Но потом ее вызвали куда следует, и человек в форме по фамилии Лялин ей сказал:

— Вы должны отречься от своего мужа и подтвердить, что он шпион. Если нет — то вас тоже ждет арест и многолетняя ссылка. За сына не беспокойтесь, с ним будет полный порядок — его сдадут в детский дом.

И предоставил ей несколько дней на размышление.

И вот наша тетка Анна пришла в свой барак, закрылась у себя в комнате, села на стул и думает:

— Эрик, радость моя, любовь моя, жизнь моя, смерть моя, никогда я не отрекусь от тебя, пусть они что хотят со мной делают, я им ничего не подпишу. Пусть меня растерзают, на части разорвут — не поверю, что ты немецкий шпион. Даже если мне скажут, что ты французский шпион, не поверю! Хотя твой отец Наполеон. Ты верный ленинец, коммунист, настоящий большевик, да я перед самим Господом Богом могу поклясться, что у тебя и в мыслях не было работать на иностранную разведку. Хоть меня на каторгу сошлют, не подпишу я этот подлый донос!..

Тут она живо представила себе свой арест, ссылку, товарные вагоны, лесоповал или бескрайние степи, голод, надсмотрщиков, холодный ветер, ледяную воду и — в любом случае — вечную разлуку.

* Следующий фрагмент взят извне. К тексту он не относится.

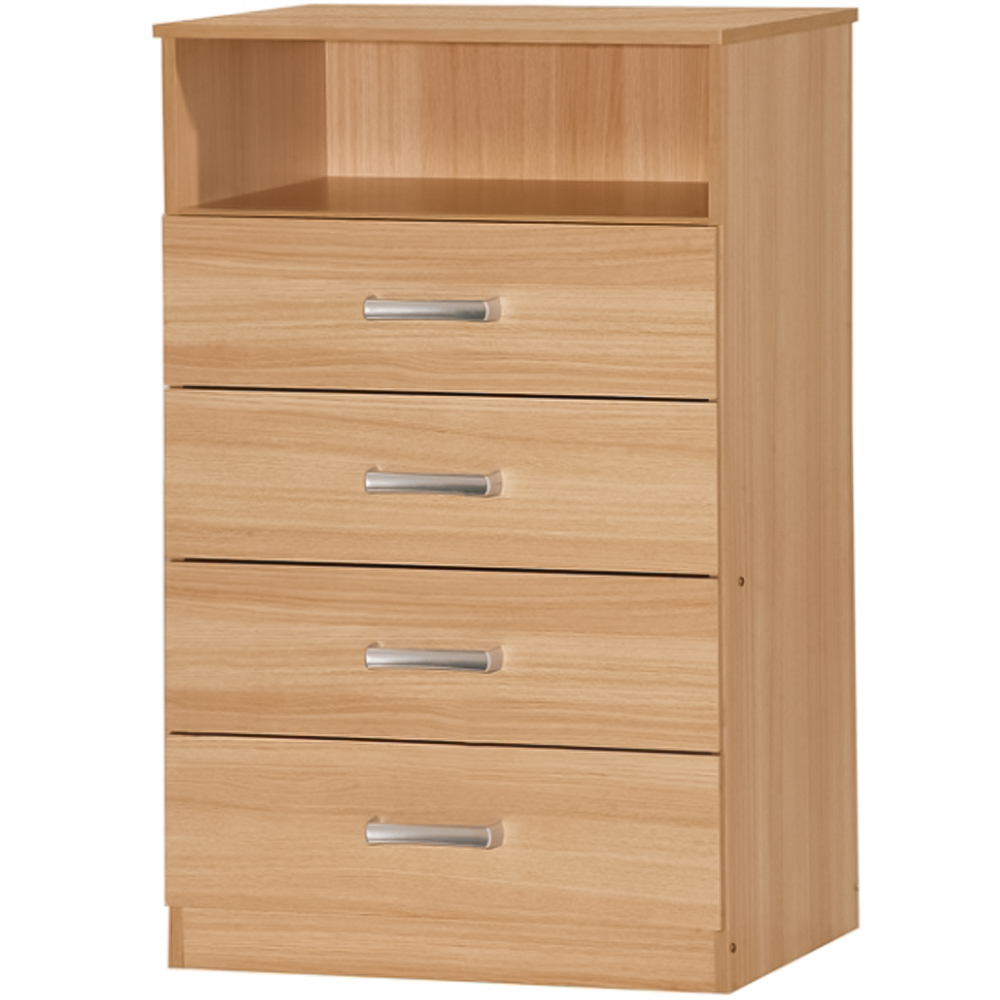 Brooklyn 4 Drawer Single Shelf Oak Finish Chest of Drawers Image 2
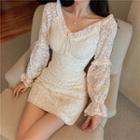 Long-sleeve Mini Lace Sheath Dress Almond - One Size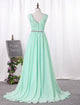 A Line Ruffles and Beadings Chiffon Sweep Train Bridesmaid Dresses LBQB0013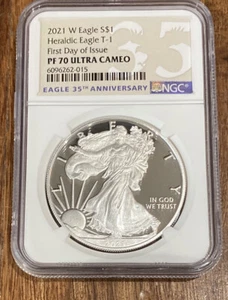 2021 W $1 AMERICAN PROOF SILVER EAGLE TYPE 1 NGC PF70 FIRST DAY OF ISSUE FDOI - Picture 1 of 1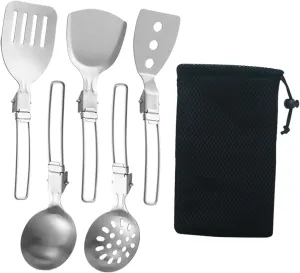 6Pcs Camp Cooking Utensil Set, Foldable Outdoor Kitchen Gear, Stainless Steel Camping Cookware Kit for Camp RV BBQ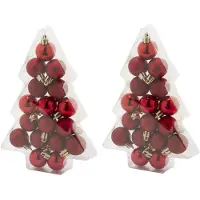 Cosy & Trendy 34x stuks kleine kunststof kerstballen rood 3 cm mat/glans/glitter - Kerstbal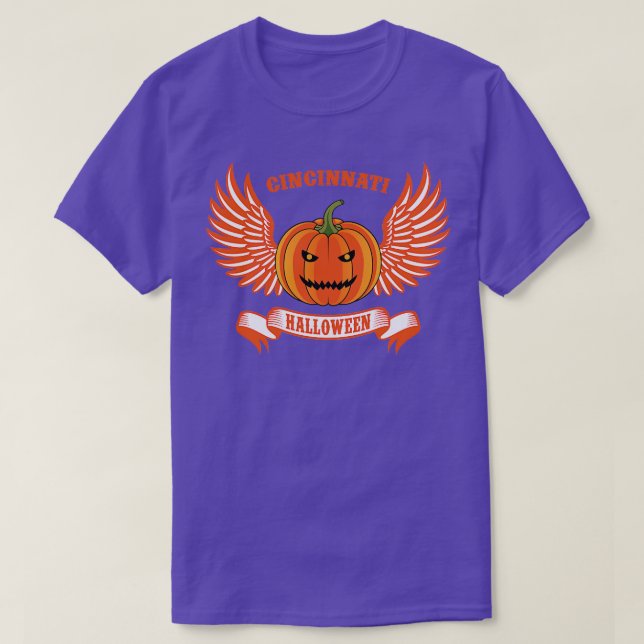 Cincinnati Halloween Flying Citrouilles TShirt (Design devant)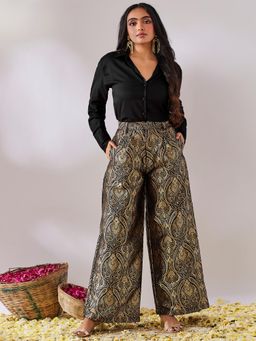Gulaal - Prayag Black Plain Shirt With Handwoven Brocade Pant (Set of 2)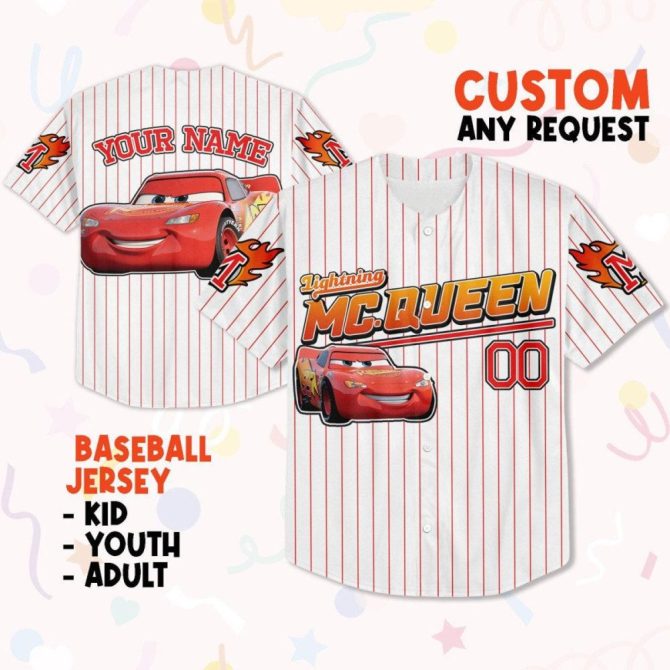 Custom Lightning Mcqueen Baseball Jersey - Kids, Youth & Adult Sizes - Personalize Your Name! - Image 2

— Все равно, — тетка думала. — Будь что будет. Иначе как я нашему сыну в глаза посмотрю?..

Тут она вспомнила про Джемса, что, когда ее арестуют, его сдадут в детский дом.

Она представила себе чужие стены, железные кровати, серое белье с лиловыми размытыми печатями «Детдом…» (номер неразборчиво), запах хлорки, очередь в столовую, алюминиевые миски, стриженые головки, чужие люди, косые взгляды…

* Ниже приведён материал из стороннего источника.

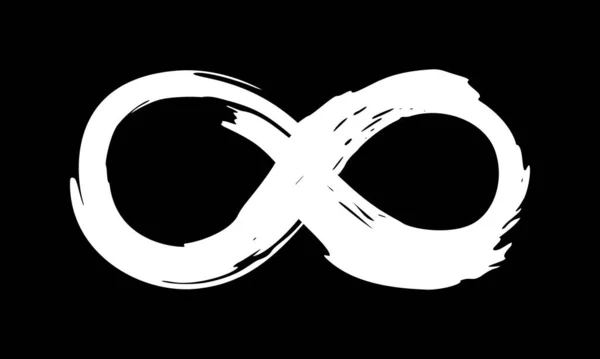 Sonsuzluk Sembolü Siyah Boyayla Boyanmış Grunge Fırça Darbesi Yapımı Grafik — Stok Vektör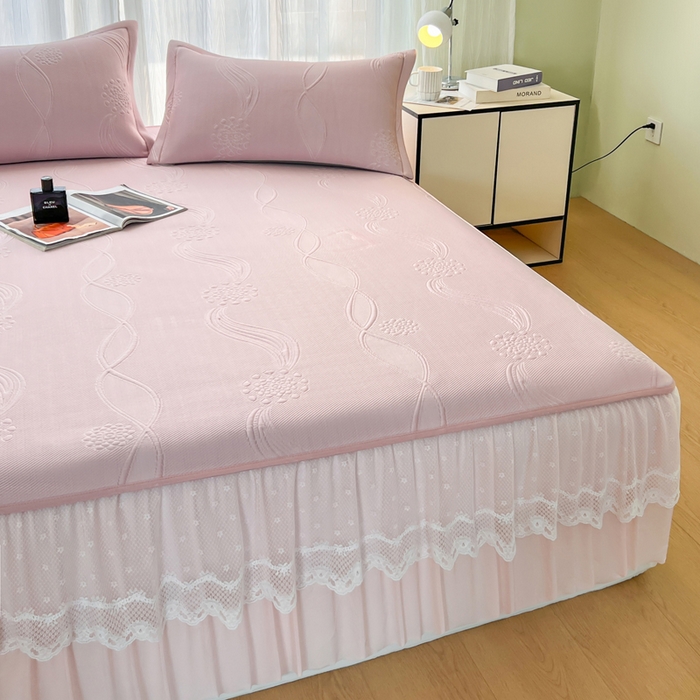 91家纺网 家纺一手货源 找家纺 （总）库里梦家纺 2026新款高克重复合蕾丝花边PE高分子凉席-床裙款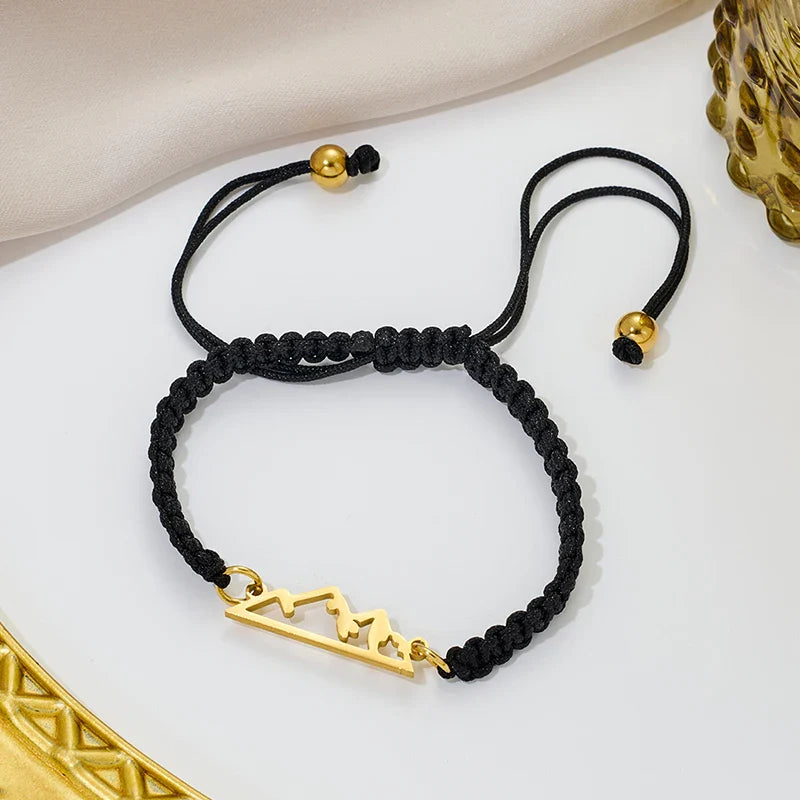 Bracelet Tressé avec Pendentif Montagne noir et or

— Эрик, жизнь моя, смерть моя, — думала тетка Анна. — Только не это.

Теперь перед ее мысленным взором возникла такая картина: она, тетка Анна, пишет донос, что ее муж иностранный шпион, проникший в сердце Кремля и тем самым нанесший Стране Советов невосполнимый ущерб. Его законная жена свидетельствует это, а посему их брак отныне просит считать недействительным. И вот на допросе Гергарду Наполеоновичу этот донос показывают. И он видит, что жена, единственная, навеки любимая Аннушка, предала его!..

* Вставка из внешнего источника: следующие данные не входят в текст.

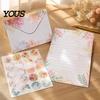 Dreamy Watercolor Theme Paper Letterhead Set, Envelopes Letter And Stickers Handwritten Blessing Note Cards Kit, Correspondence Birthday Messages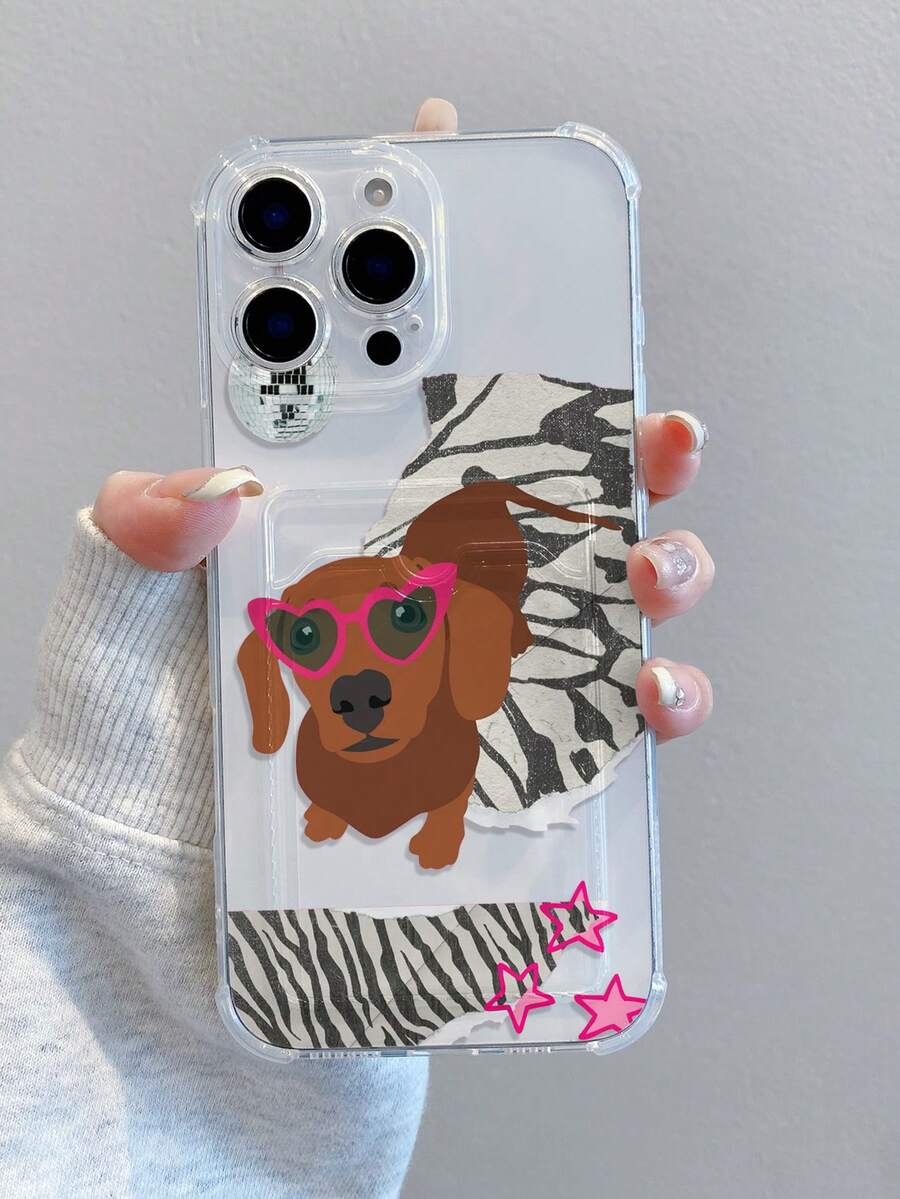 1个斑马纹小狗图案透明防震TPU手机壳，可用作节日礼物，用于存放照片、卡片，兼容苹果XS/XS Max/XR/11/12/13/14/15/16 Pro/Pro Max/14/15/16 Plus/17 - 無色 - 查看 1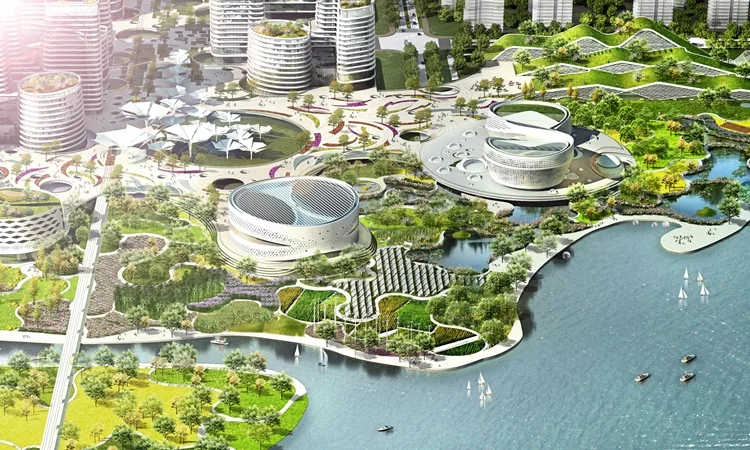 Binhai Eco City includes a planned new central business district with office spaces and five new cultural buildings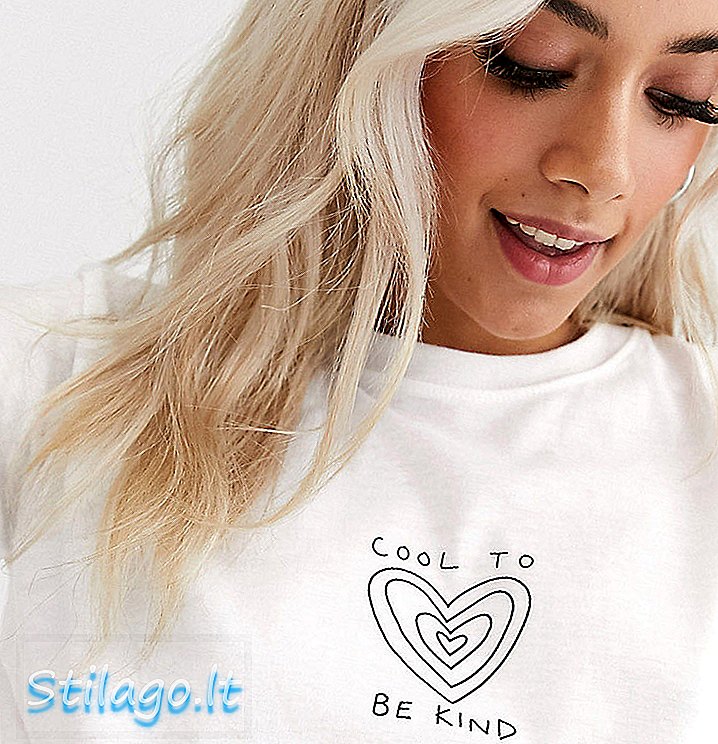 T-shirt Topshop Petite con slogan in bianco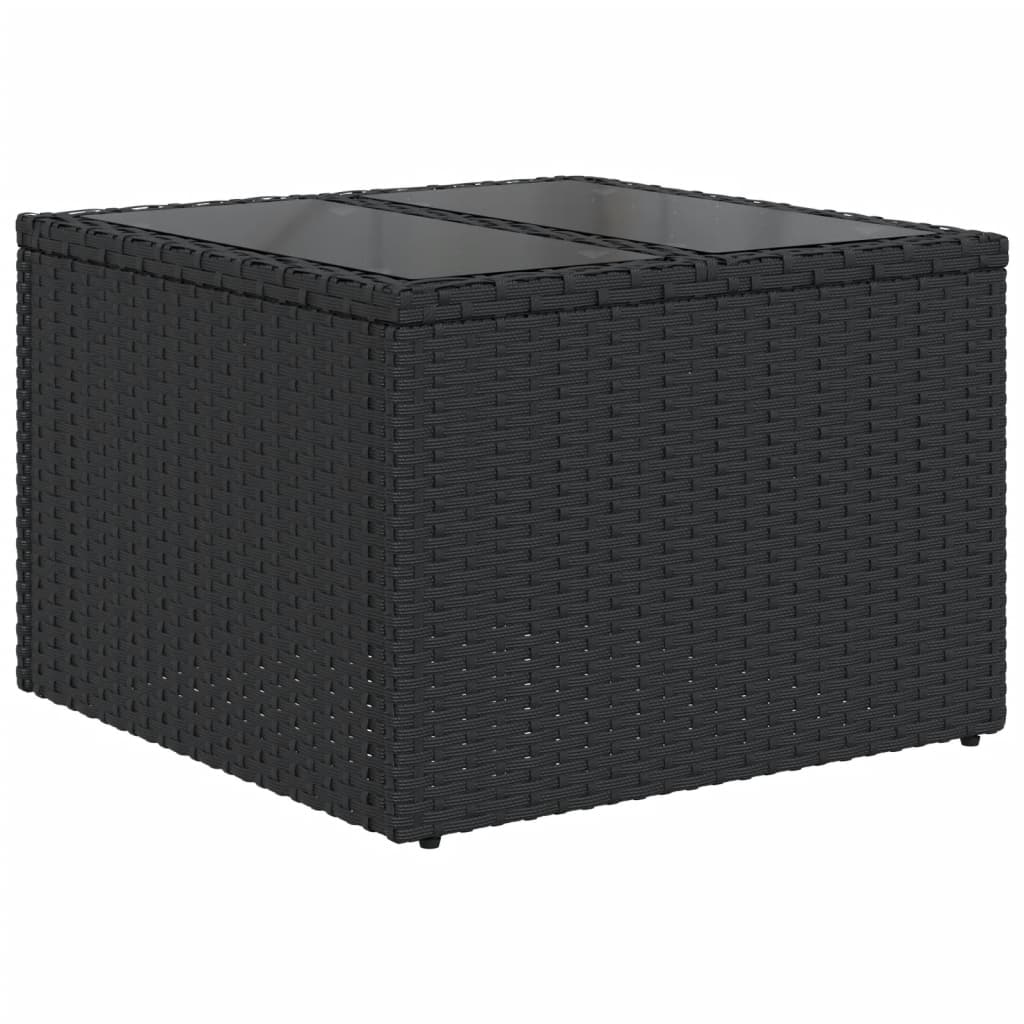 7-delige tuinbankset met kussens van zwart polyrotan is nu te koop bij PeponiXL, paradijselijk wonen!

— Что делать? — спрашивала себя моя тетка и не находила ответа.

— Отречься? — думала тетка Анна. — Или не отречься? Предать? Или не предать?

— Отречься, — она решала твердо и с той же твердостью она решала: — Ни за что!

— Предать. Просто нету другого выхода, — думала тетка.

А следующая мысль была:

— Лучше смерть.

— Как можно жить после этого? Нет, это невозможно. Значит, не отрекаться? Нет, нет, нет, нет, нет. Да! Нет! Да, да, нет. Да! Нет, нет, нет! Все! Это мое последнее слово! Нет! Нет, нет и нет! Да! Да, да, да, да, да! Нет! Нет, нет, нет, нет!..

Вот так она думала, думала, думала, три дня и три ночи она просидела на стуле, не двигаясь, не видя ничего и не слыша, почти не дыша, пока наутро четвертого дня эти «да» и «нет» каким-то чудесным образом не расплавились и не растворились друг в друге.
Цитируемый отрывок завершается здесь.